Quand la loi rencontre ses limites
Pierre, 34 ans, est propriétaire d’un studio qu’il a acheté en janvier. Depuis plusieurs semaines, il n’y a plus accès. Une squatteuse a réservé le logement pour une semaine via une plateforme en ligne, changé les serrures et refuse depuis de quitter les lieux. La situation illustre parfaitement les zones d’ombre de la loi Kasbarian.
Cette loi anti-squat devait permettre d’ordonner une expulsion en moins de 72 heures, même pendant la trêve hivernale, si intrusion ou effraction étaient constatées. Mais ici, aucune effraction n’a été commise. La squatteuse est entrée légalement, au regard du contrat signé sur la plateforme de réservation, contournant ainsi la protection offerte par la législation.
Une faille juridique surprenante
« La loi anti-squat a été un vrai progrès mais dans ce cas, l’enjeu c’est de savoir si elle a la qualité de squatteur parce qu’elle n’est pas rentrée en forçant la serrure« , explique maître Romain Rossi-Landi, avocat en droit immobilier, sur RMC et RMC Story.
« Mais elle est rentrée en signant un contrat via la plateforme Booking. Les squatteurs ont trouvé la faille parce que la loi Kasbarian ne s’applique pas à cette dame qui n’est pas rentrée par effraction », poursuit-il.

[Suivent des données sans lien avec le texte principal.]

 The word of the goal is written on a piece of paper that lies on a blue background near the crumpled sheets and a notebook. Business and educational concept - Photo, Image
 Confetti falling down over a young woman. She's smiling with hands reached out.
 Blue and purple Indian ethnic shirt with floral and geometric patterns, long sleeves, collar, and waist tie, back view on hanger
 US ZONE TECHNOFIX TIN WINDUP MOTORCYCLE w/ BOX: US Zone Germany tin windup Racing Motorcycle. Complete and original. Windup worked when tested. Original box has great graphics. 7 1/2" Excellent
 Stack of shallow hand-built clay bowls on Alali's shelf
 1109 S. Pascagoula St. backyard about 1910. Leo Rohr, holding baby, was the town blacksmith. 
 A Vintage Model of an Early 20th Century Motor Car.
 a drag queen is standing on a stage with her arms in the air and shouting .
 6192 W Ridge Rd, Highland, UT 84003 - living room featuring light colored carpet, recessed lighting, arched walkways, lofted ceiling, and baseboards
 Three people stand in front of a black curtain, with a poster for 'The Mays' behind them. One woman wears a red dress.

Résultat : Pierre doit désormais passer par la voie judiciaire classique, avec une audience fixée en 2027. Un délai de deux ans avant de pouvoir récupérer son logement.
Les propriétaires face à un cauchemar
Cette situation n’est pas isolée et illustre le cauchemar des propriétaires confrontés aux locations squattées. L’avocat précise :
- « Le délit de violation de domicile condamne le squat en cas d’introduction frauduleuse » ;
- « Ici, il n’y a pas eu d’effraction, mais il y a maintien frauduleux par manœuvre » ;
- « Un préfet un peu audacieux pourrait accorder le concours de la force publique pour expulser la personne ».
La manœuvre de la squatteuse est claire : « D’avoir triché dès le début, elle savait très bien qu’elle n’allait pas s’installer, si ce n’est pas une fraude, c’est une manœuvre ». Cette subtilité juridique la place dans un cadre difficile à contester rapidement pour le propriétaire.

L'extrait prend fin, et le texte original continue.